We are currently using Apache Hadoop (Vanilla Version) in our org. We are planning to migrate to AWS EMR. I'm trying to understand how AWS EMR Hadoop works internally (not how to use it), I'm mainly interested in Hadoop administration steps and how master and slave communicates and various configuration configurations. I already checked the AWS EMR documentation but I don't see detailed comparison.
Can someone recommend me a link/tutorial for migrating to AWS EMR from an Apache Hadoop.
Amazon Elastic MapReduce uses a mostly standard implementation of Hadoop and associated tools.
See: AMI Versions Supported in Amazon EMR
The benefits of using EMR are in the automated deployment of instances. For example, launching a cluster with an appropriate AMI means that software is already loaded on each instance and HDFS is configured across the core nodes.
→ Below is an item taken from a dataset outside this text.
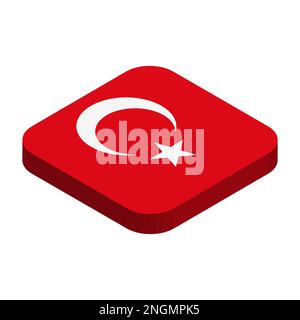 Turkey flag - 3D isometric square flag with rounded corners. Stock Vector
The Master and Slave (Core/Task) nodes communicate in exactly the normal way that they communicate in any Hadoop cluster. However, only one Master is supported (with no backup Master).
When migrating to EMR, check that you are using compatible versions of software (eg Hadoop, Hive, Pig, Impala, etc). Also consider using Amazon S3 for storage of data instead of HDFS, especially for storing source data, since data on S3 persists even after the EMR cluster is terminated.